Take a look at his webb site, what a man!

andystrangewayovernightparkingcampaigner.wordpress.com

He is organising a meeting at Skegness the end of feb and needs our help.

Ken


----------



## 747 (Oct 2, 2009)

When you join him at Huttoft (not Skegness) please let us all know about your arrest for obstruction and how much you were fined please. :wink:


----------



## kencocamper (May 1, 2005)

OK


----------



## nicholsong (May 26, 2009)

747 said:


> When you join him at Huttoft (not Skegness) please let us all know about your arrest for obstruction and how much you were fined please. :wink:


747

From what I have read from Andy's website he has not encouraged obstruction, only parking and risking a PCN, which he encourages people to challenge on the grounds that the parking restrictions have not been properly legislated, or have been done so without the required consultation, or authority from the Secretary for State.

He seems to be quite thorough in his research into Primary and Secondary legislation and the drafting of the relevant Orders thereunder.

He has also unearthed connections between Councillors and their relatives who have interests in campsites; while not alleging any corruption it raises questions about possible vested interests, which may or may not have been declared.

Geoff


----------



## GordonBennet (Sep 22, 2010)

kencocamper said:


> Hi,
> just been on the webb site of Andy Strangeway who has taken up the fight against councils bringing in new bye-laws against overnight parking and putting up height barriers and no overnight parking signs in Yorkshire and Lincolnshire etc. HE NEEDS OUR SUPPORT.
> Take a look at his webb site, what a man!
> 
> ...


Can't make it Ken but you have my positive and moral support. Best of luck; I hope you get a huge amount of support.


----------



## pomme1 (May 19, 2005)

I think that the research Andy has carried out is exemplary and he is well on his way to marshaling an unanswerable argument.
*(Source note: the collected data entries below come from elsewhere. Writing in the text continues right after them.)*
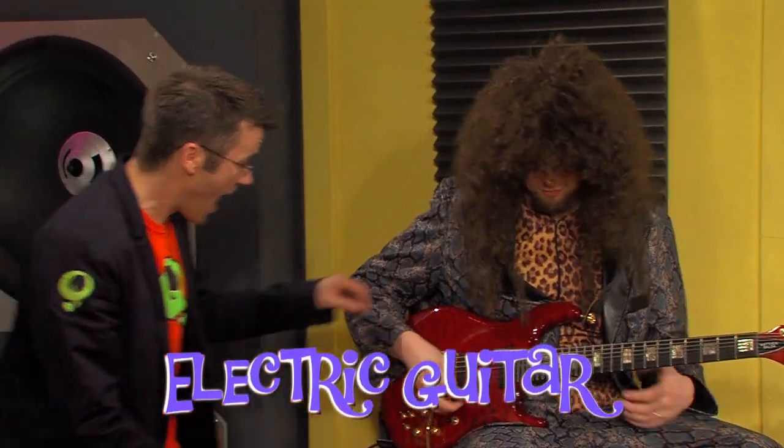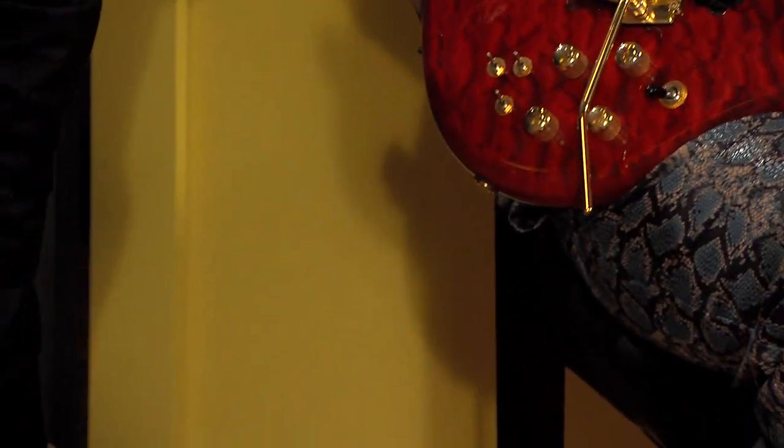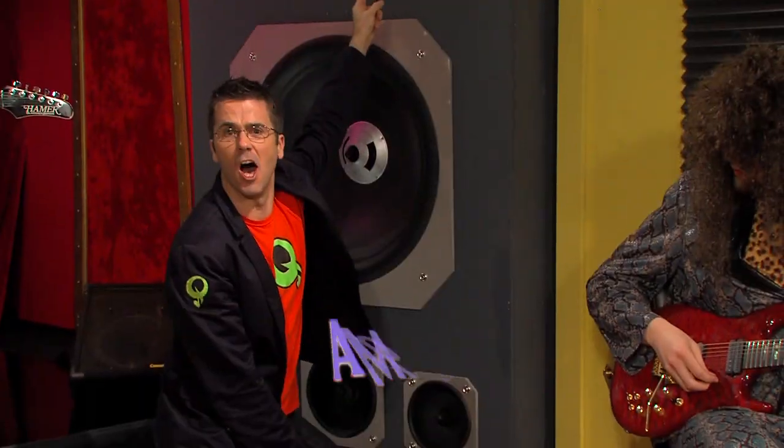Now, look at this. This is called the electric guitar, and this is solid wood. If I unplug it, it hardly sounds loud at all. It needs something else to amplify the sound. It needs an amplifier! Thank you, Arrow.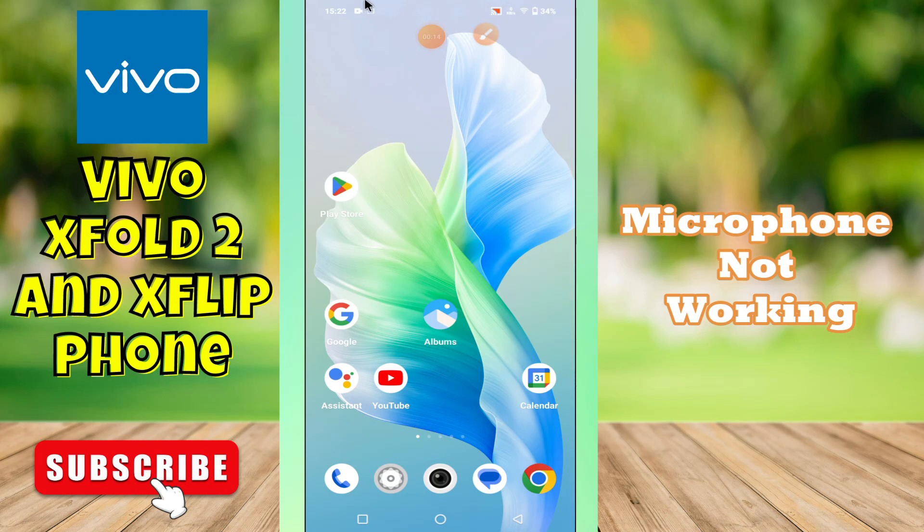Hi guys, hope you are fine. Welcome back to my YouTube channel. In my today's video, I'll be sharing with you how to fix the microphone not working problem in your device Vivo X Fold 2 and Vivo X Flip.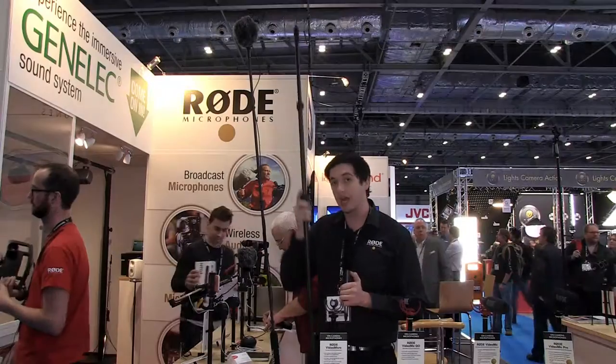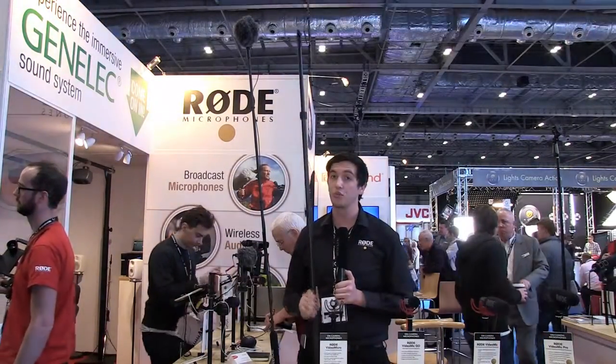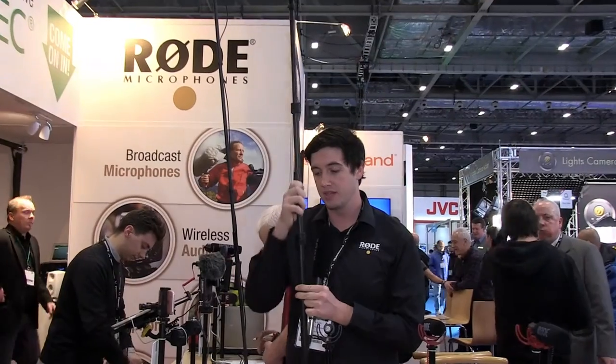The first one I'll show you is the Rode Boom Pole Pro. This is a fully carbon fiber boom pole. It weighs only 535 grams and extends to three meters. It has these nice little quick lock adapters — a tiny little turn to unlock and lock it — so it's very fast, very quiet operation.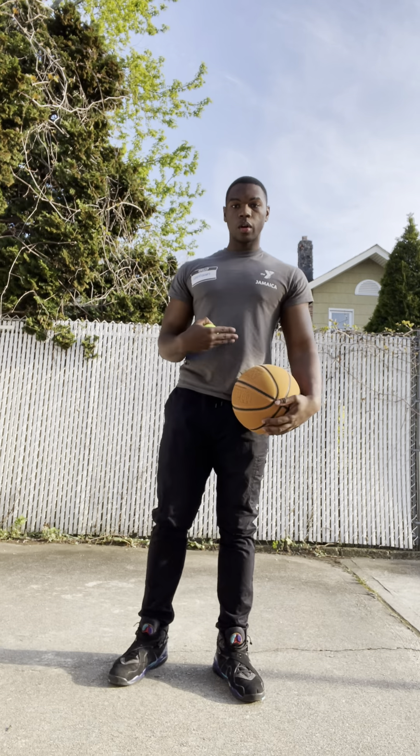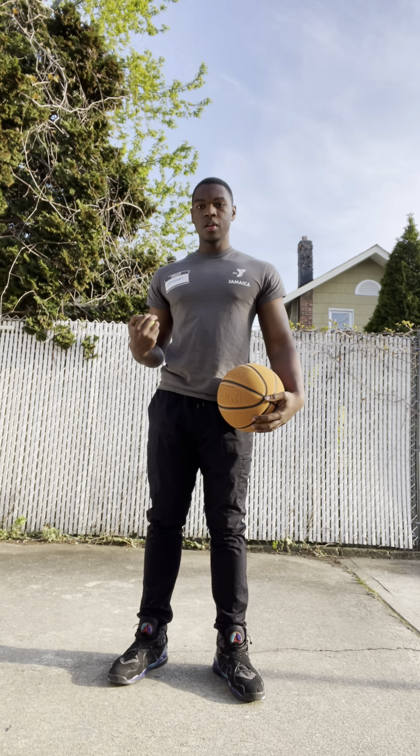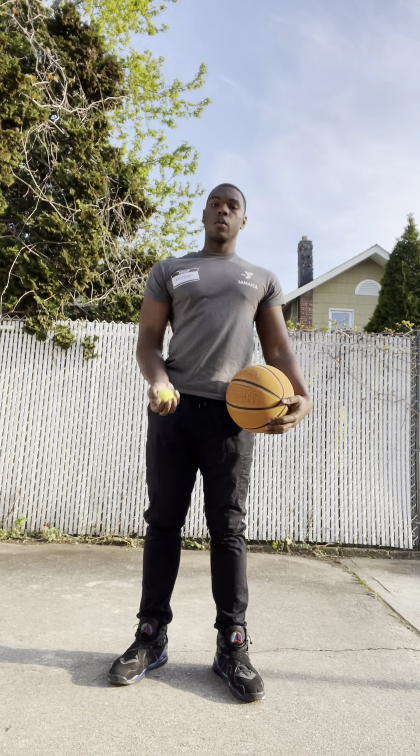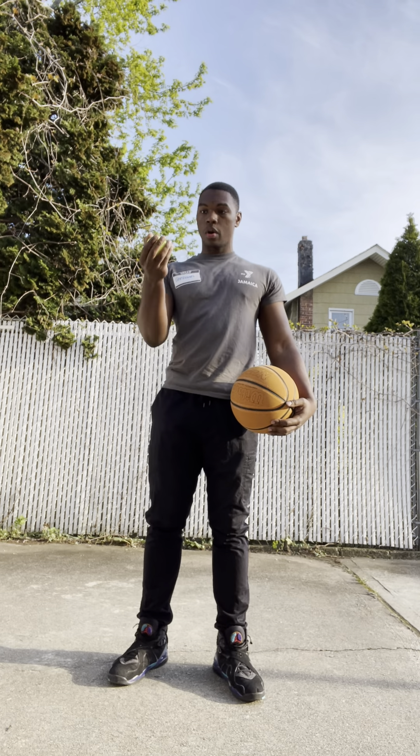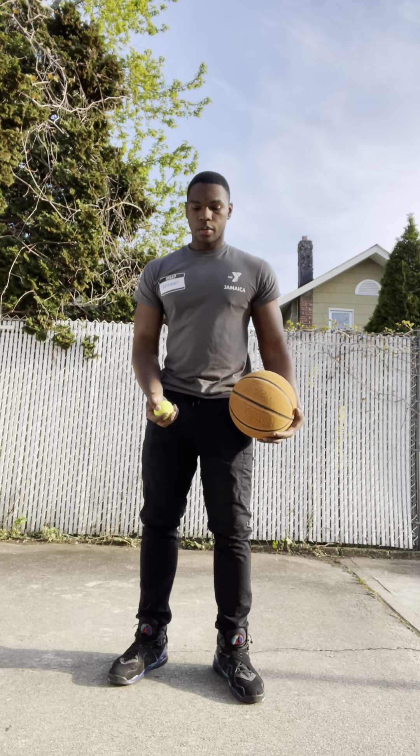Hey, what's up? It's Deshaun. We're back at it with another ball handling drill. This one is also going to work on your hand-eye coordination. But instead of bouncing the tennis ball, you're actually going to throw it up and catch it. So now I'll show you.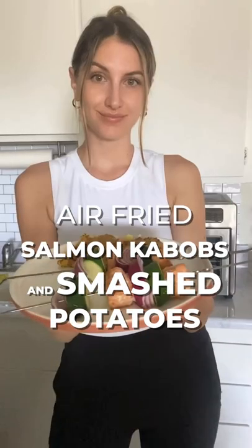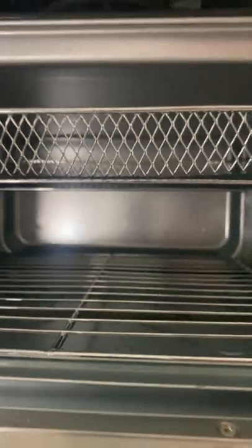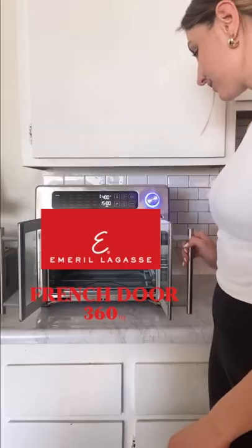These air fried salmon kebabs and smashed potatoes are made in just under 30 minutes, all in my Emerald Lagasi French Door Air Fryer 360.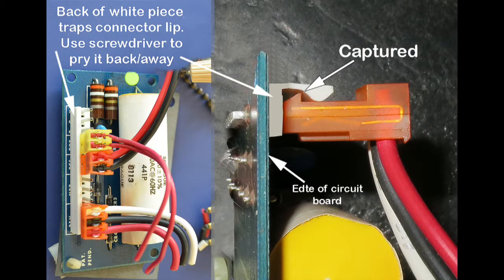This is one of the two places I had trouble. I couldn't figure out how to get the connectors off, until I discovered they were captured by that little white thing behind them. As you can see in the right half of the picture, it's got the clip of the connector captured. I stuck a small flat blade screwdriver between the connector and that keeper and pried them apart to remove the connector.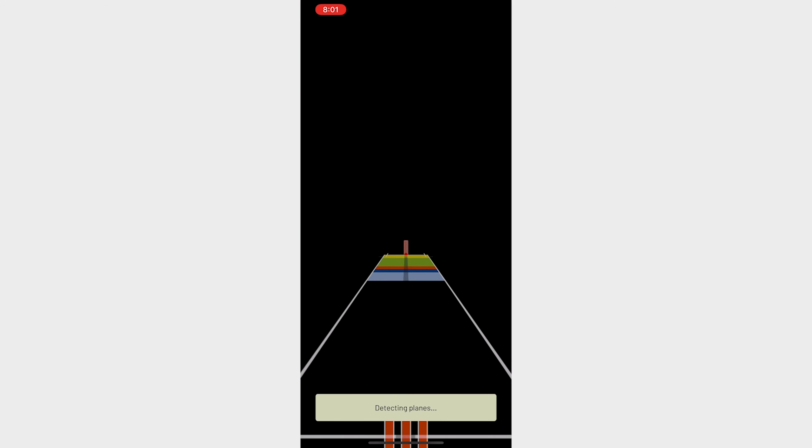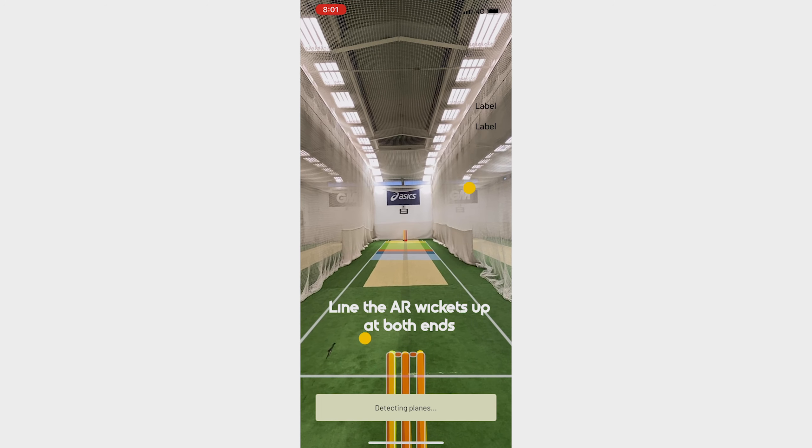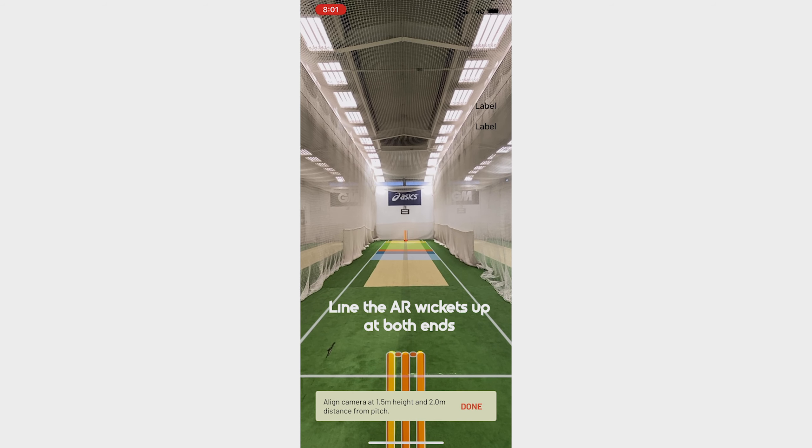Next, press bowl. This will bring up the augmented reality and all you need to do is line up the set of stumps on both ends, just like I've done here. When this is done right, press done at the bottom right.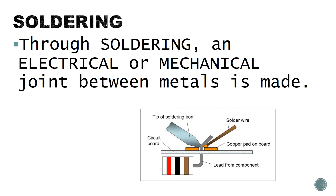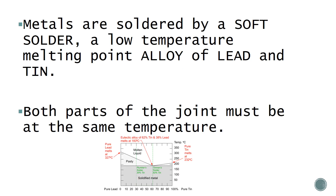Through soldering, an electrical or mechanical joint between metals is made. Metals are soldered by a soft solder, a low temperature melting point alloy of lead and tin. Both parts of the joint must be at the same temperature.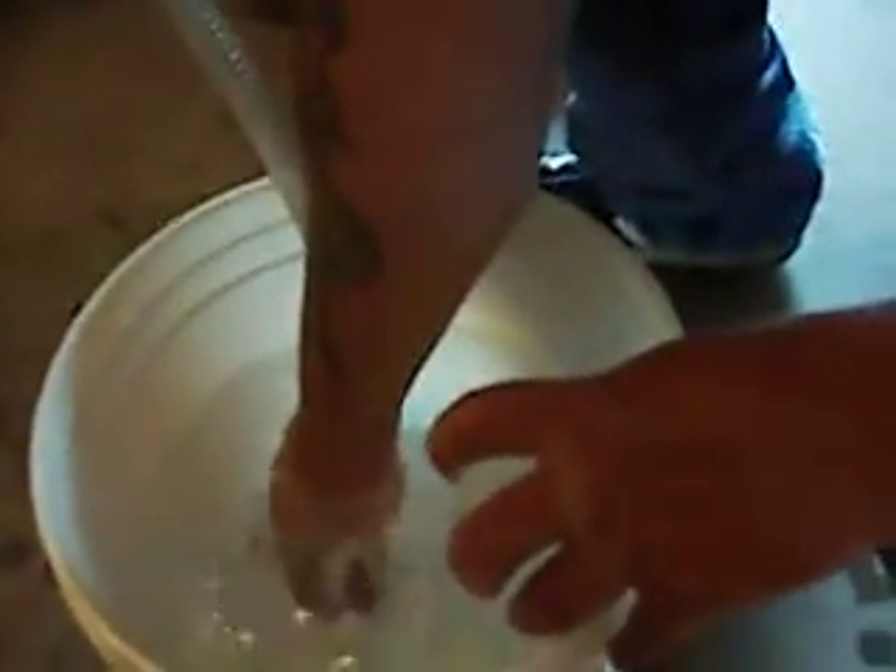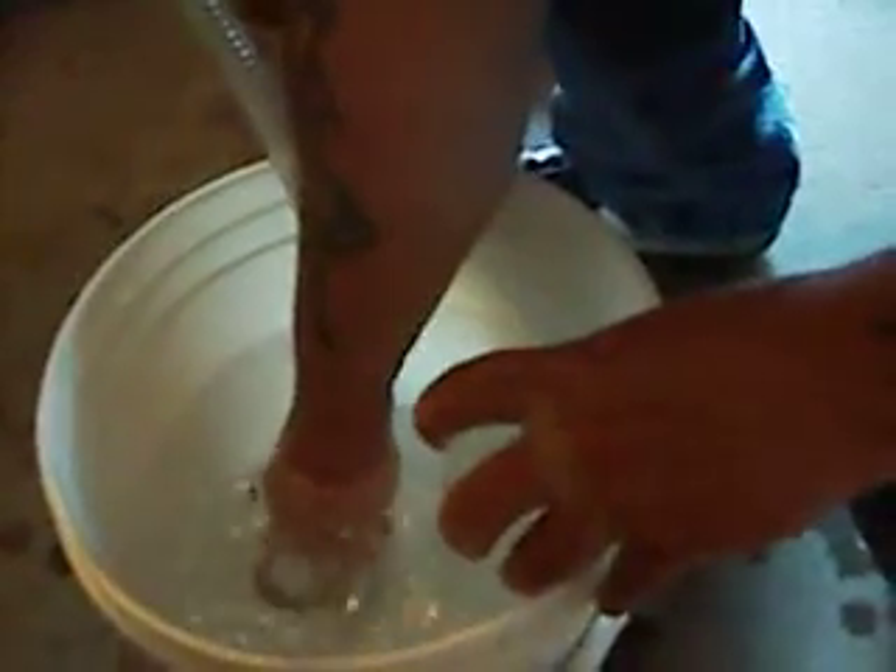Now we're going to put the tube inside the bottle and we're going to time it and see how long. Ready with that stopwatch? Ready, set, go. I don't know if you can see, but the water in the bottle is dropping.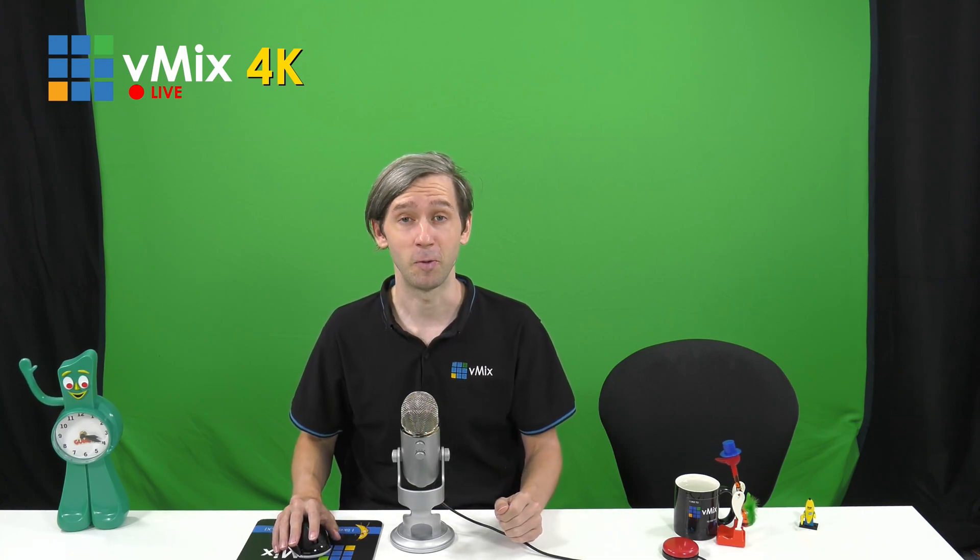That doesn't even take into consideration recording, streaming, or any video assets you have. It's going to be eight times your normal production. Typically here in our studio we have a three or four camera 1080 30p production, so if we wanted to run that in 4K 60p we'd have to multiply by eight, and then add streaming, recording, and all our video assets — it very quickly adds up.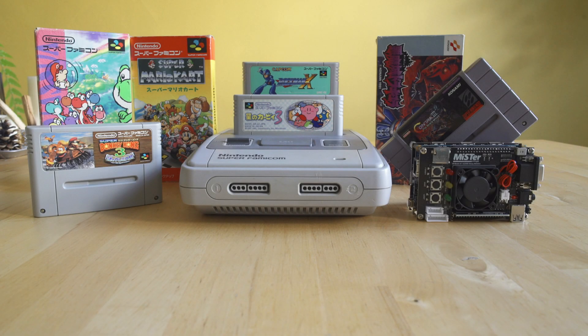Welcome back to Video Game Esoterica and a continuing series on the MiSTer FPGA board, comparing the cores to original hardware as close as we can. We're going to be taking a look at the Super Nintendo — or in front of me the Super Famicom, same system different name — people have been asking a lot about how close the core is to the Super Nintendo, and we're going to talk about that today and give you a setup guide on how to make it work best.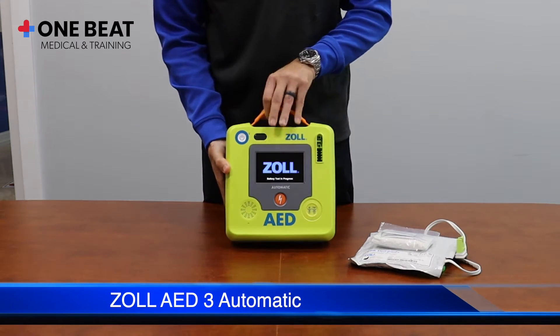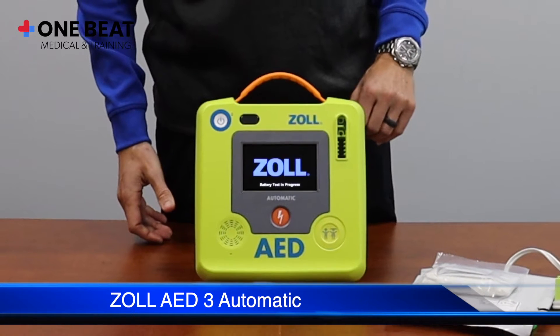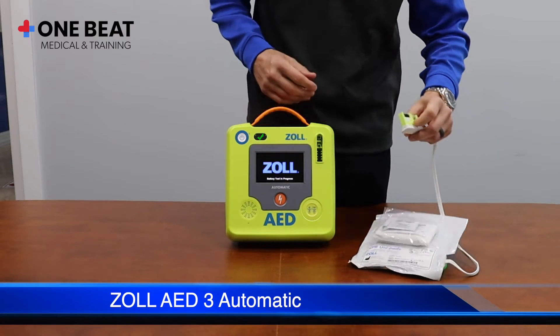This will immediately initiate a battery insertion test. Successful completion of the battery insertion will be indicated with a voice prompt of 'unit ok' and a check mark in the indicator on the top left of the AED.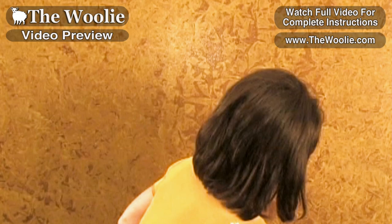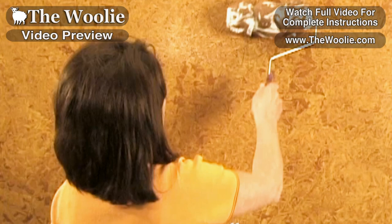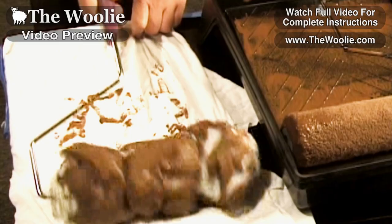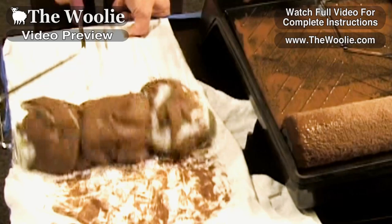A common question people have is: won't the rag roller become saturated with glaze on the surface as you're working down the wall? And it will to a certain extent. It won't become overly saturated, but there will be a point where you want to offload some of the glaze. The best way to do that is to take it to a cotton rag or paper towels — preferably a lint-free cotton rag — and download some of that glaze. You're not completely removing all of the glaze, just an ample amount, then you continue back on the wall.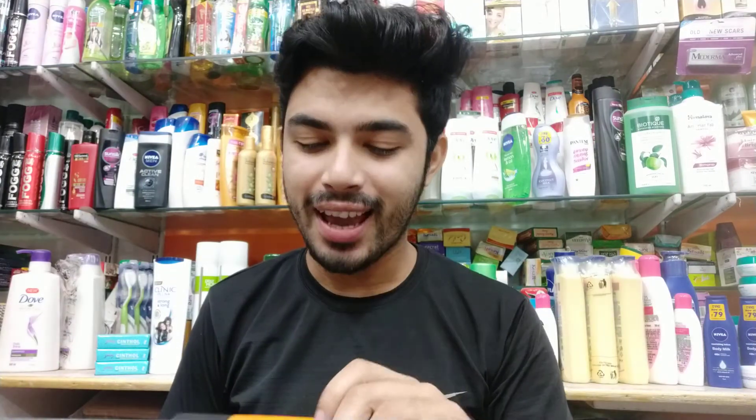Hello friends, I am Vipool. You will see all the tips in Vipool. Let's talk about some of the hair straightening shampoo.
I fear all that is likely to be undone by a mass turnout of motorhomes which is likely to have precisely the reverse effect to what is intended and is scarcely likely to engender public support. Rather it is likely to only reinforce the Council's case.

Roger


----------



## Mrplodd (Mar 4, 2008)

Point him toWeymouth & Portland Borough Council, they are installing an Aire within easy walking distance of the town centre and beach at Weymouth. I am on the project group assisting, planned for opening date is Easter.


----------



## 747 (Oct 2, 2009)

If you read the section 'access required', he states that his 'friends' in high sided vehicles (not him, he overnights in a car because he does not have a motorhome or camper of any sort) will have to park AT the barriers and wait for LCC to open the height barriers. This in effect, will block access and egress for all other vehicles.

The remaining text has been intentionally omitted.